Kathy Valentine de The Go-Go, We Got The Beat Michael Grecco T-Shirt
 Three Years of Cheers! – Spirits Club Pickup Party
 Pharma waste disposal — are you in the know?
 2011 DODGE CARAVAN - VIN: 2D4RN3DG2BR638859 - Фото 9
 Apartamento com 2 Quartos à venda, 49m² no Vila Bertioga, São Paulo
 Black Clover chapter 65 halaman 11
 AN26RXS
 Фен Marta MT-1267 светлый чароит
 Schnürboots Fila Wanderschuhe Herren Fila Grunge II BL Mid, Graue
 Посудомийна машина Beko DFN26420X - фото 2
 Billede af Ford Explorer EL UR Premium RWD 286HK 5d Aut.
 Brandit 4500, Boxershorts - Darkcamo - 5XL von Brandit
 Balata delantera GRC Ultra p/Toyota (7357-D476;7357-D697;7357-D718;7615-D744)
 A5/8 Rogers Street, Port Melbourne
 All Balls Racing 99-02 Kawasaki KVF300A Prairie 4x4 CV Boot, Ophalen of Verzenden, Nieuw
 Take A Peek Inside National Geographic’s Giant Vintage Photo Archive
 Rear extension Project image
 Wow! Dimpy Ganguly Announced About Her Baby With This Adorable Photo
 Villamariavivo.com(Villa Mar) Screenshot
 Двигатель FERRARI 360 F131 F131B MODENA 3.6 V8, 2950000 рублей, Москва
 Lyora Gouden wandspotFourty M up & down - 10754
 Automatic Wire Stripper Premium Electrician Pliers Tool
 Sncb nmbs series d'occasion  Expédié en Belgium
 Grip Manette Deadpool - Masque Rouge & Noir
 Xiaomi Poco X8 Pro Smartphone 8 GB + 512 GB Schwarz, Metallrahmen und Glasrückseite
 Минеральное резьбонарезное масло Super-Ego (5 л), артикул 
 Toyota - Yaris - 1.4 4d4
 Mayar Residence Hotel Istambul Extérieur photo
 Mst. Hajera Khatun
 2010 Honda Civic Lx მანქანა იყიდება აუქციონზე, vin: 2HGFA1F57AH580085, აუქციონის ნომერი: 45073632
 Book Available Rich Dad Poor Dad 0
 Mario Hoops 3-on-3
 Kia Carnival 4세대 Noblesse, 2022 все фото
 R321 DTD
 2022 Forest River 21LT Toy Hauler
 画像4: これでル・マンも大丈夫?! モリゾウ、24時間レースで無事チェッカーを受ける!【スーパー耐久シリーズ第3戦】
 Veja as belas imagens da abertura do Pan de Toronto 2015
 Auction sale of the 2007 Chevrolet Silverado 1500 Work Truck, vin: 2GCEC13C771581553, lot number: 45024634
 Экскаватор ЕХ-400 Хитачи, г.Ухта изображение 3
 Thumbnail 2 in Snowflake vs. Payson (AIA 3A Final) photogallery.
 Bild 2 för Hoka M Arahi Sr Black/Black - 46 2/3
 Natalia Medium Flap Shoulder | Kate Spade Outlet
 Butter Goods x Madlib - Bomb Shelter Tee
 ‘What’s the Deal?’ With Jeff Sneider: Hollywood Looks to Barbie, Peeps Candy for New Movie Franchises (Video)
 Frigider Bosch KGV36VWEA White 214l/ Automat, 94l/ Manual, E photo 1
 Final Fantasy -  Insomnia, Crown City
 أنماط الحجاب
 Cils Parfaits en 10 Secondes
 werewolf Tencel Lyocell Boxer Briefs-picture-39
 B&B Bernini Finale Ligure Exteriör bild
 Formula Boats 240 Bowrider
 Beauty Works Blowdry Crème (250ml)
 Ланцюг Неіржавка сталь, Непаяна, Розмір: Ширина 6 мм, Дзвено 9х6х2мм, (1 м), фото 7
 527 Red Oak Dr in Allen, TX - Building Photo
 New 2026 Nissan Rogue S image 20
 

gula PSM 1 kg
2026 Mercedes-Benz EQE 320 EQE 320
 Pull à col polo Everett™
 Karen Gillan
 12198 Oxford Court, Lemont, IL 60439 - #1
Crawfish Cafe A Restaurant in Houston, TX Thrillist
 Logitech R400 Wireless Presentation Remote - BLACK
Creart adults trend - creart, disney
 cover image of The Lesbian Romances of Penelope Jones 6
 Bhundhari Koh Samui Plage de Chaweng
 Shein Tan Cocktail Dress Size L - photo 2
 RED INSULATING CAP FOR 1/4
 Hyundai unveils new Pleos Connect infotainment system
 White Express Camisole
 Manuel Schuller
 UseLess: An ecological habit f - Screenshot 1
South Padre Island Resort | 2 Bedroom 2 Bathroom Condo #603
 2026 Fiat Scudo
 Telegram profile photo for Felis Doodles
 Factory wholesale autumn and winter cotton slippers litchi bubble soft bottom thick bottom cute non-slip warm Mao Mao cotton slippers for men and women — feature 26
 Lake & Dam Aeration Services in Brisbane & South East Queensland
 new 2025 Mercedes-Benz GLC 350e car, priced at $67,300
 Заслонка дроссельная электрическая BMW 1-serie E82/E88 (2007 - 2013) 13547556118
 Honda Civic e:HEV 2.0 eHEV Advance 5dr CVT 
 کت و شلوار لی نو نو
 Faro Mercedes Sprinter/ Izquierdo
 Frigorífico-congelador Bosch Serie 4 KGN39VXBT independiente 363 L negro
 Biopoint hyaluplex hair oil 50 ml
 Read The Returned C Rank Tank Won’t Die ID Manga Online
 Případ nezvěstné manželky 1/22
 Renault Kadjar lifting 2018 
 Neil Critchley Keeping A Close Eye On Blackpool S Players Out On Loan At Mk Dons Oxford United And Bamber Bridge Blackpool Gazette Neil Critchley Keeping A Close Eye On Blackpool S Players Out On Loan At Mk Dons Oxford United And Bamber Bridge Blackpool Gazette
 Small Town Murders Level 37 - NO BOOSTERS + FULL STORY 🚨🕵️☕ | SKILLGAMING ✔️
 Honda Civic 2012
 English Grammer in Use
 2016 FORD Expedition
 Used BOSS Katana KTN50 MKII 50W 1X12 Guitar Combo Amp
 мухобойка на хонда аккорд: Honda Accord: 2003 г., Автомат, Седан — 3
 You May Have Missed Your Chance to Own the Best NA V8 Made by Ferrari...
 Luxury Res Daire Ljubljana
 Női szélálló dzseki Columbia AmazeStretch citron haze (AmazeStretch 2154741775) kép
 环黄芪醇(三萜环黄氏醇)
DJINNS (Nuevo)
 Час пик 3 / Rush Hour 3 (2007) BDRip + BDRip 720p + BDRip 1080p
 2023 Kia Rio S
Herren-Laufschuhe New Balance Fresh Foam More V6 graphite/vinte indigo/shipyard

■ **TASK ITEM**:
Take every line from the data above that holds "Bosch" and copy it out.

■ **SOLVED EXERCISE**:
 Frigider Bosch KGV36VWEA White 214l/ Automat, 94l/ Manual, E photo 1
 Frigorífico-congelador Bosch Serie 4 KGN39VXBT independiente 363 L negro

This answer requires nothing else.